Anglo-Saxon out of Lower Saxony!
posted by TheWhiteSkull at 1:54 PM on November 21, 2019 [13 favorites]


Of all the nationalist tendencies to worry about in that corner of the world, the Aktion Deutsche Sprache crackpots are the least important. I mean, come on.

This seems disingenuous.
posted by Omnomnom at 2:01 PM on November 21, 2019 [4 favorites]


> Mein Herr... have you met English?

American English is frequently used as Exhibit A by other nations' language purists for why they need a regulated standard language.
posted by at by at 2:01 PM on November 21, 2019 [3 favorites]


In fairness to the Germans, this seems to just be them copying the Académie Française. Not sure if stopping people from saying "le papier" instead of "le journal" is exactly ethnic nationalism.
posted by GuyZero at 2:02 PM on November 21, 2019 [6 favorites]


the idea that there is a universal German language that everyone agrees upon is... not true? Note I am not a linguist

And still you're 100% right. German is a pluricentric language (just like English, Spanish, French, and many many more) and there are (at least) three German 'standards', not one.

Leaving aside that language conservatism is always boring and lame and enables all sorts of garbage behavior - like already pointed out in clavdivs comment.
posted by bigendian at 2:02 PM on November 21, 2019 [5 favorites]


Mein Herr... have you met English?

Presumably not, because he's not lying insensate in an alley, missing half his prepositions.
posted by Holy Zarquon's Singing Fish at 2:03 PM on November 21, 2019 [35 favorites]


So much seems weirdly left out in this article.
+1. I agree that the multiplicities of German is one. Another is some sort of integration of the author's points about English ubiquity in Berlin with the rest of the article's (correct) description of how efforts at language preservation naturally veer to the anti-immigration right. It feels like the author just punts on trying to reconcile those two. That's fair, I don't have a good thesis either. I just hoped the article would explore that a bit.

Another big one is the role of American military occupation (technically ended in 1955) and military/cultural reliance/subordination (ongoing). Those I would expect in a critique from the left.
posted by daveliepmann at 2:07 PM on November 21, 2019


Best way to annoy 'em would be to ask about that Reform der deutschen Rechtschreibung von 1996. Always a spicy topic that one.
posted by scruss at 2:11 PM on November 21, 2019 [7 favorites]

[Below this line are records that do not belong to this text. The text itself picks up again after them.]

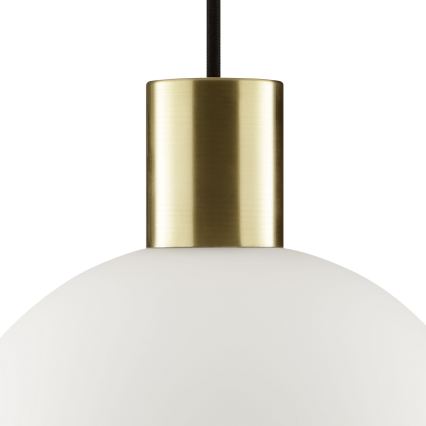 Brilliant - Lustră pe cablu CONY 1xE27/20W/230V Ø 25 cm alamă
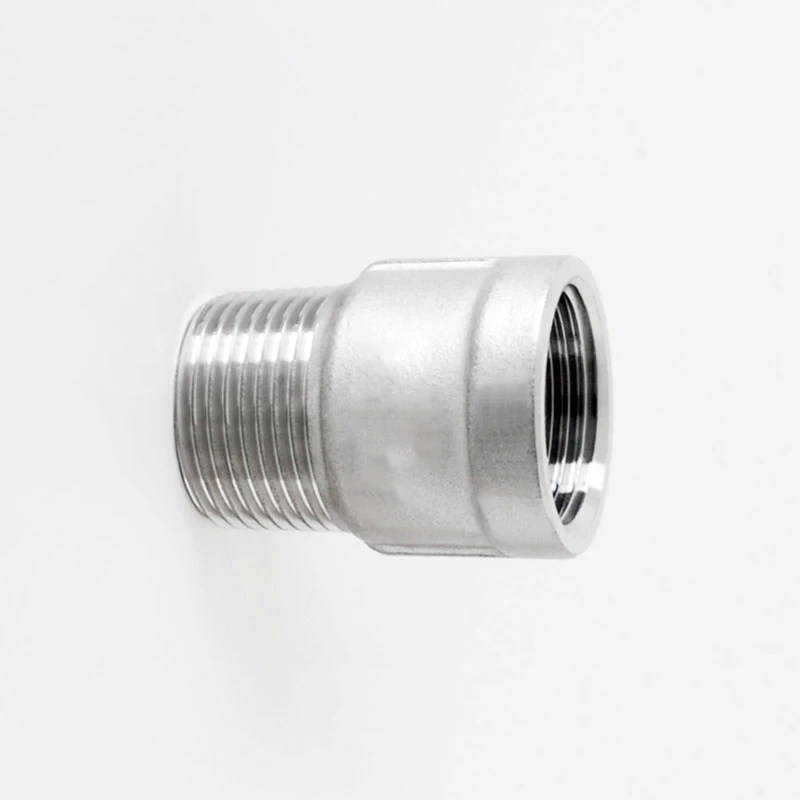1/2 &quotBSP Female x 1/2&quot BSP Male 201 гнездо из нержавеющей стали резьбовые фитинги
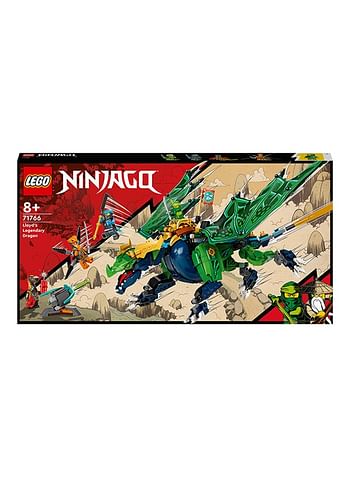 Lego 71766 747 Pieces Highly Posable Dragon Toy Ninjago Lloyd’s Legendary Dragon Building Kit 8+ Years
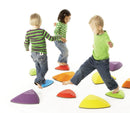 River Stones - Sæt med 6 balancesten - Gonge - Fra 1½ år. - Billede 1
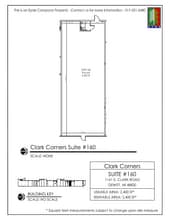 1161 E Clark Rd, Dewitt, MI for lease Floor Plan- Image 1 of 1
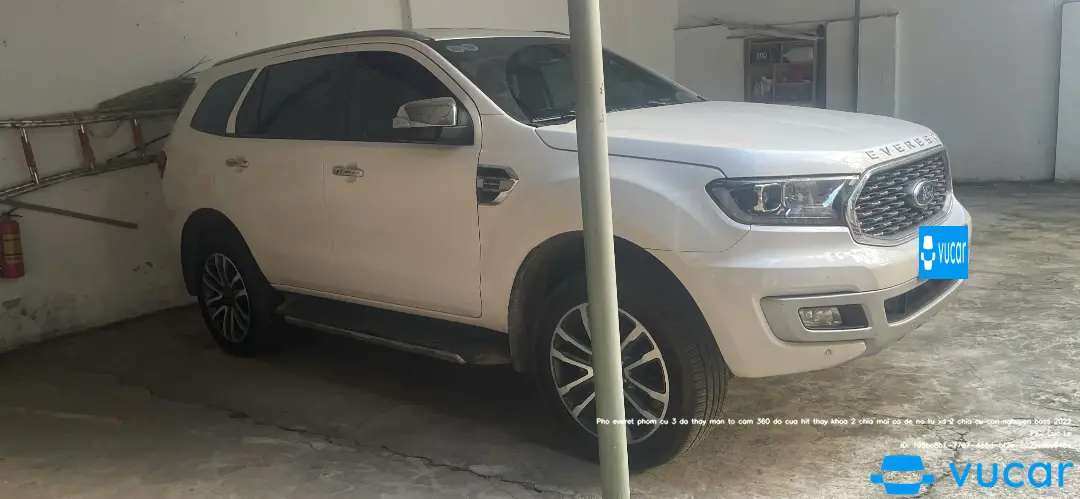 Ảnh xe Ford Everest Titanium 2.0L 4x2 AT 2022 - ảnh 3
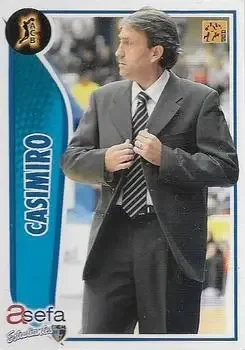 2009-10 Panini ACB #3 Luis Casimiro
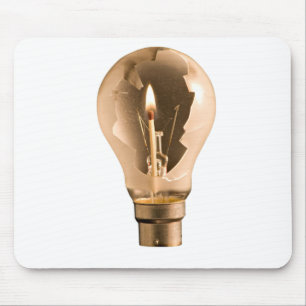 Tapis De Souris Lumière dans l'obscurité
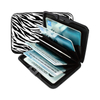 Custom Men's Credit ID Name Card Holder Plastic Case Wallet RFID Blocking Business Card Holder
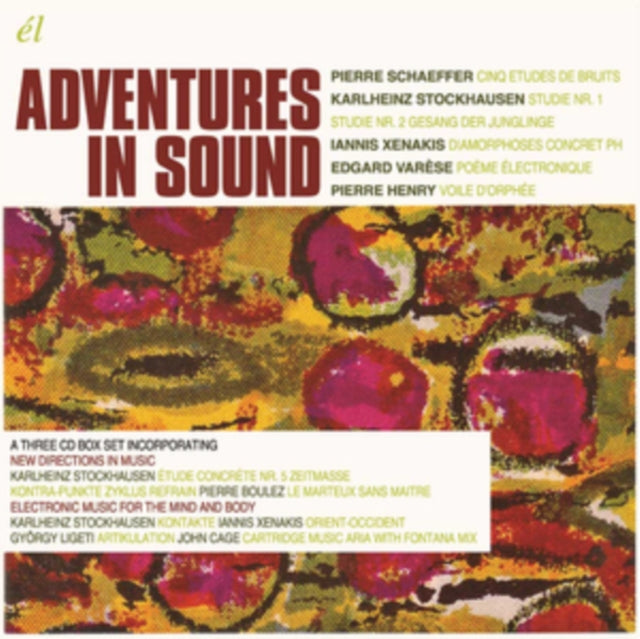 Various Artists: Adventures In Sound - CD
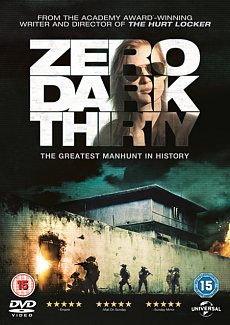 Zero Dark Thirty 2012 DVD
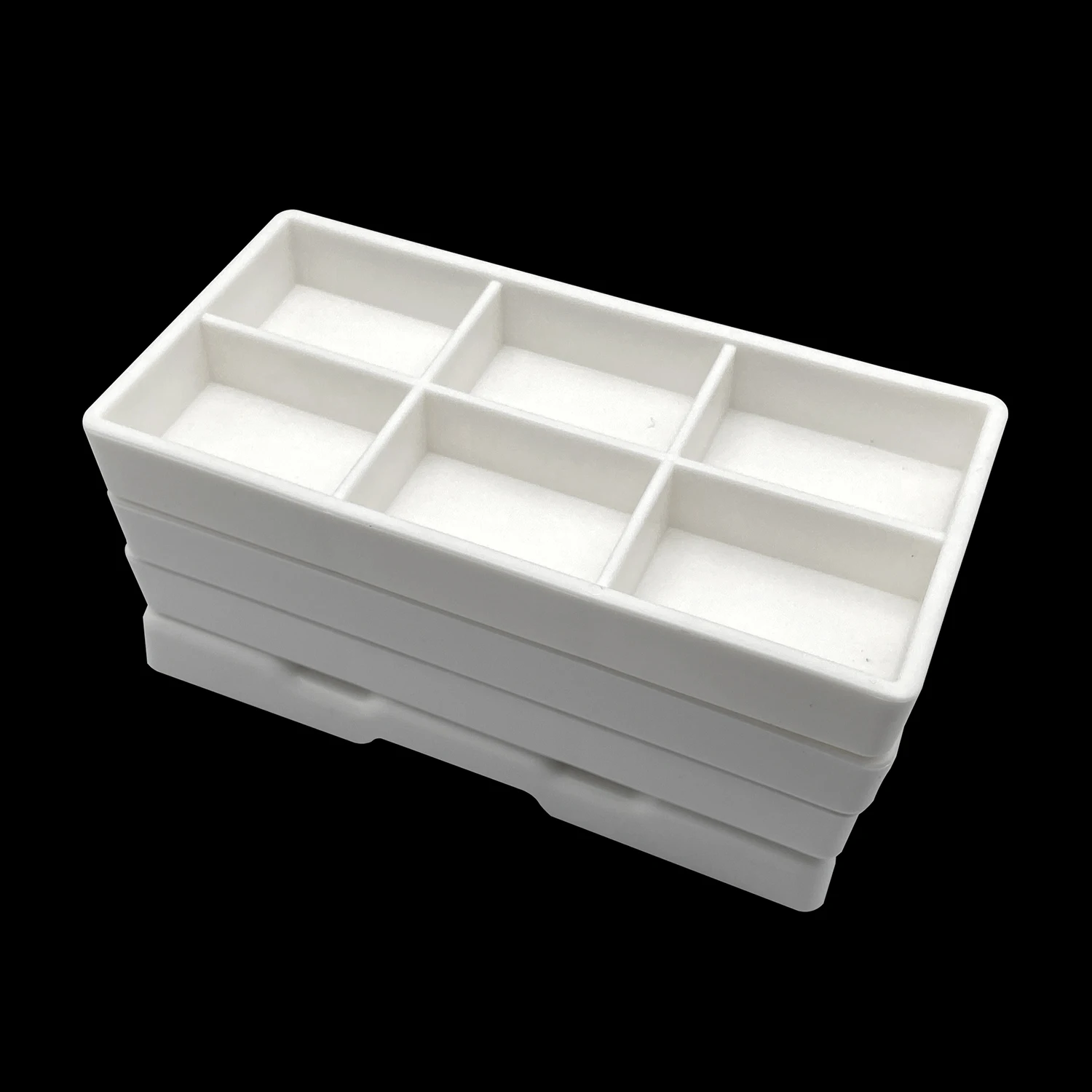 5Pcs/Set Autoclavable Trays Plastic Drawer Organizer Size  9.5cm*19.5cm*2cm Dental Tray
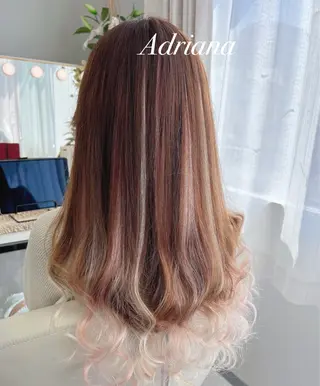 ADRIANA 大久保駅前徒歩2分のネイルデザイン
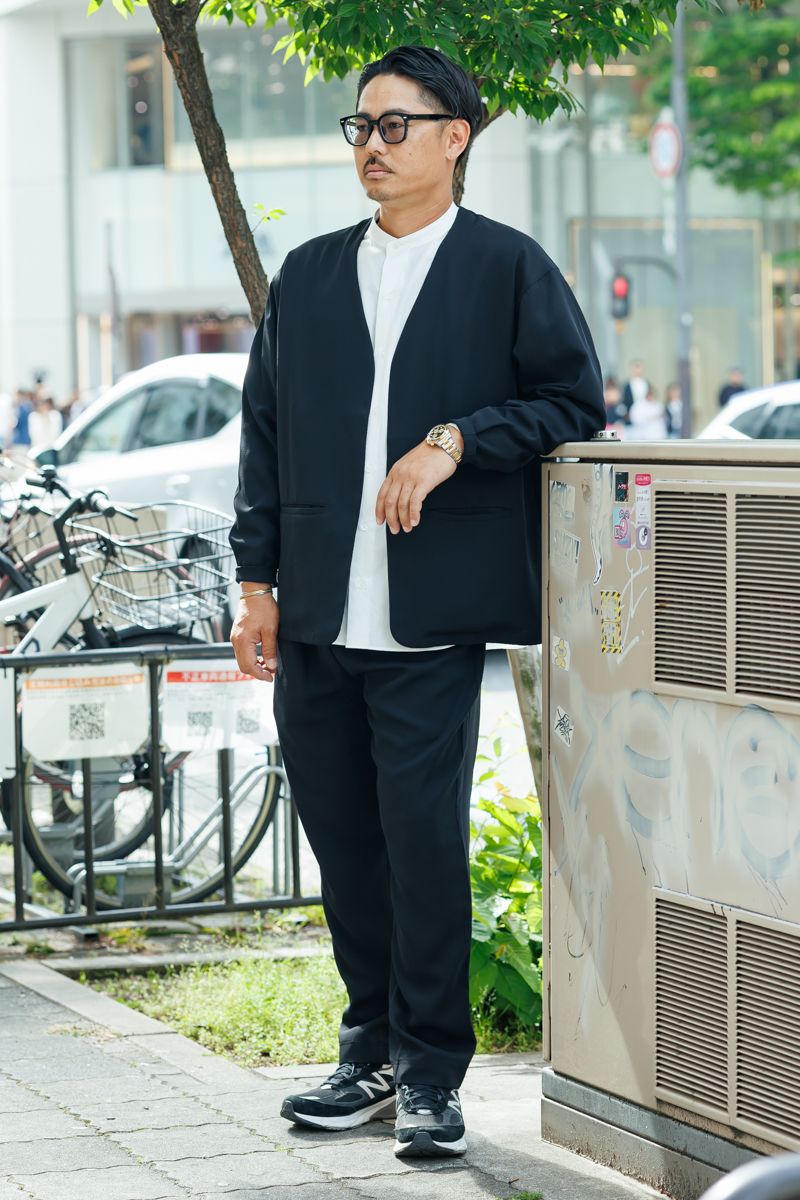 不明のジャケットコーディネート | 260506-0843-46 金子勝洋 3枚目の写真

Umm...what happened to the actual Ask here?

Anglesprechenangst? Or something like that?
posted by snuffleupagus at 2:26 PM on November 21, 2019


(Argh, nevermind about the ask, blue is not green.)
posted by snuffleupagus at 2:41 PM on November 21, 2019 [1 favorite]


SPRACHIMPERIALISMUSBEKÄMPFUNG
und
ANGLIZISMENINTOLERANZ

I mean, nobody in their right mind would string those together like that, but you could if you wanted!
posted by Omnomnom at 3:03 PM on November 21, 2019 [2 favorites]


The creation of the EU is the best thing since sliced Bauernbrot. But I can see how the various nations, cultures within nations, the love for the Heimatsland, is threatened by globalization. Then arises the concept of cultural appropriation, but are immigrants, guilty of cultural appropriation when they take on the culture where they move, for whatever reason they move there?

Old English and Old German are very nearly the same language, and there were people who cross translated each other's works, like Longfellow, and Goethe. New technologies get new names, and it seems naming rights should go to the creators. I think the EU is one thing, and then Mandarin naming of new things, and Japanese naming of new things, and every other creator naming of new things, will make a modern hodgepodge. People get nervous, especially when they feel left behind, or they think their power platforms are eroding.

I am a fan of change, since that is what is. How we communicate, as well as what we communicate about, changes. Our roles in society, change, so, language changes as well. I spent 6 years of my life in Germany, I speak the language, it doesn't make me anything, except a fan of the place, and the people. I am now learning Spanish, since I have been immersed in it forever. Learning that is fun because each lesson, clarifies so many questions about why things are named as they are, and clarifies what I have been hearing so long.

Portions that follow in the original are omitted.